Still, the senators framed the issue as a fiscal plus.
"Our nation is on the edge of bankruptcy and Congress must make some tough choices to rein in spending, but ending taxpayer subsidies of public broadcasting should be an easy decision," DeMint said in a statement.
Indeed, every little bit counts. But a squabble over funding for NPR and PBS does nothing to advance the discussion over the prime issue in the next two weeks: How to avoid a government shutdown.
Lawmakers' deadline is March 18, when the latest short-term spending bill -- the fifth this year -- expires. That's the game of chicken the government has been playing since the fiscal year started on Oct. 1.
On Friday, President Obama sent his top lieutenants to Capitol Hill to start negotiations with Republicans on a compromise bill. It would appear that little progress was made.
The White House put an additional $6.5 billion in cuts on the table, but Republicans are hoping to cut ten times that, and have already passed a bill in the House that would do just that.
The bill is called H.R. 1, and it would also strip funds for public broadcasting.
Democrats in the Senate, as well as President Obama, have declared that bill a non-starter. They object not only to the total amount of spending cuts, but the ideological bent of some items.
As if to prove their point, DeMint railed against NPR and PBS for accepting donations from liberal organizations like MoveOn.org and a group backed by liberal financier George Soros in an op-ed published Friday in the Wall Street Journal.
"Highly successful, brand-name public programs like Sesame Street make millions on their own," DeMint said, citing sales from toys and consumer products. "With earnings like that, Big Bird doesn't need the taxpayers to help him compete against the Nickelodeon cable channel's Dora the Explorer."
A spokeswoman for Sesame Workshop, which produces "Sesame Street," would not comment on the proposal, but the company's website says that 93% of production costs for the show are covered by licensing activities or corporate sponsorships.
The bill introduced Friday by Coburn and DeMint might be the start of an effort to isolate some of those controversial political issues and jump them onto another legislative track.
But regardless of the legislative vehicle, stripping public broadcasting of funds will be met with a fierce outcry from supporters of NPR and PBS.

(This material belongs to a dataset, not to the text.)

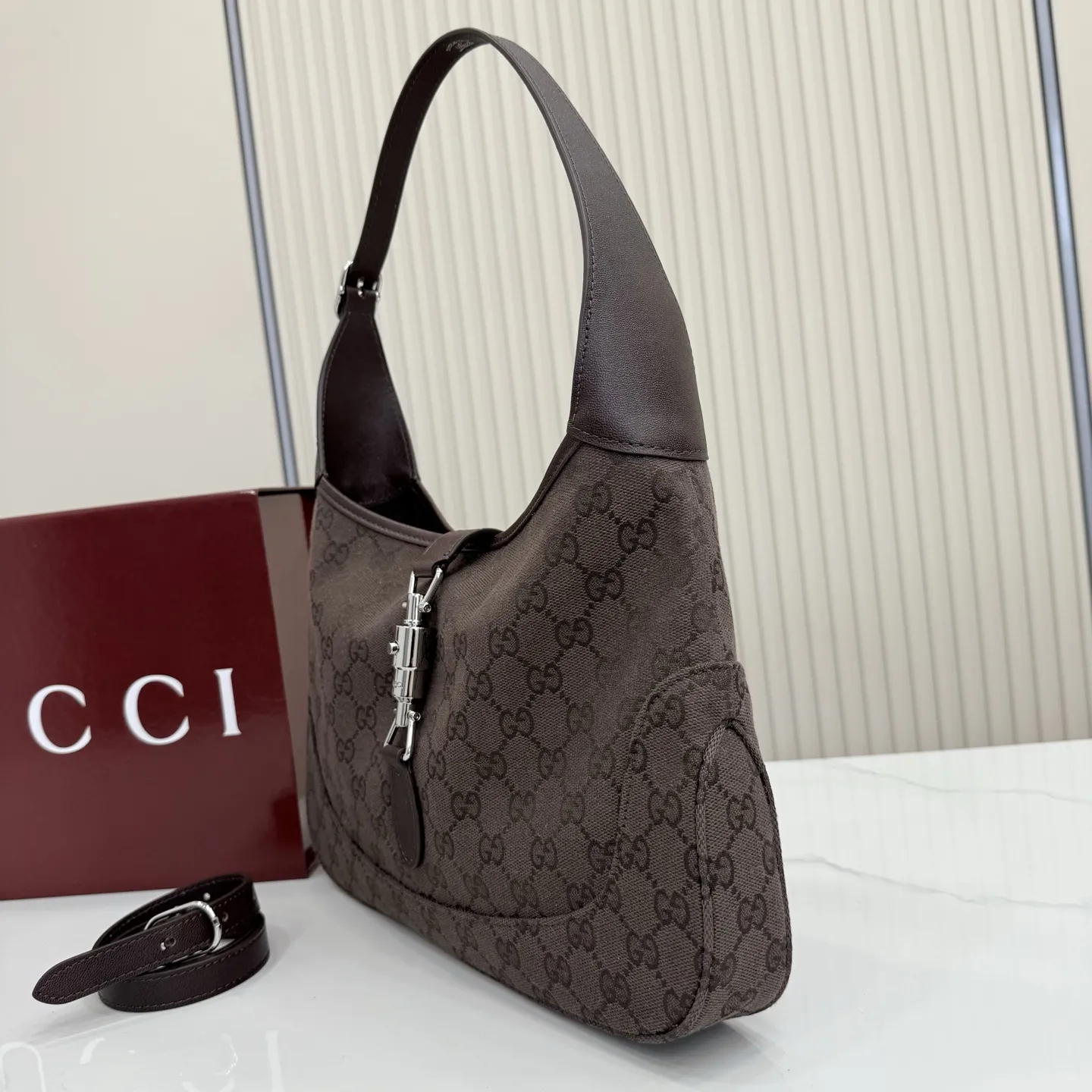 p530。【配全套包装】‼️2026春夏系列全新上市。这款Gucci Jackie 1961系列手袋在《La Famiglia》系列的&rdquo;La It Girl&ldquo;造型种呈现。包身选用轻盈但结构挺括的GG帆布，演绎复古灵感的沙色，搭配便于使用的金色调推入式锁扣设计，更添品牌魅力。 深棕色GG帆布 深棕色软皮皮革滚边 银色调配件 深棕色帆布衬里，饰钻石菱格纹图案 内部：1个拉链口袋 可调节提手长度：25 - 29cm 可调节延长肩带高：48 - 61cm 饰推入式锁扣 型号：863136。 尺寸：31.5厘米（宽）x 22厘米（高）x 4.5厘米（深） 重量：约0.35千克 颜色：深棕色/帆布。 意大利创作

There is already a small army of lobbyists on Capitol Hill lobbying in defense of the funding, which the organizations insist provide a crucial boost to their budgets.
A vast majority of federal funds directed to CPB trickle down to local stations, and if those funding levels are cut, supporters of public broadcasting say, many stations, especially in rural areas, would be significantly impacted.
And that, after years of fighting over the issue, seems to be where the two sides part.
"The federal government has no business picking winners and losers in today's highly competitive media environment. NPR and CPB will do just fine without largesse from Washington," Coburn said in a statement.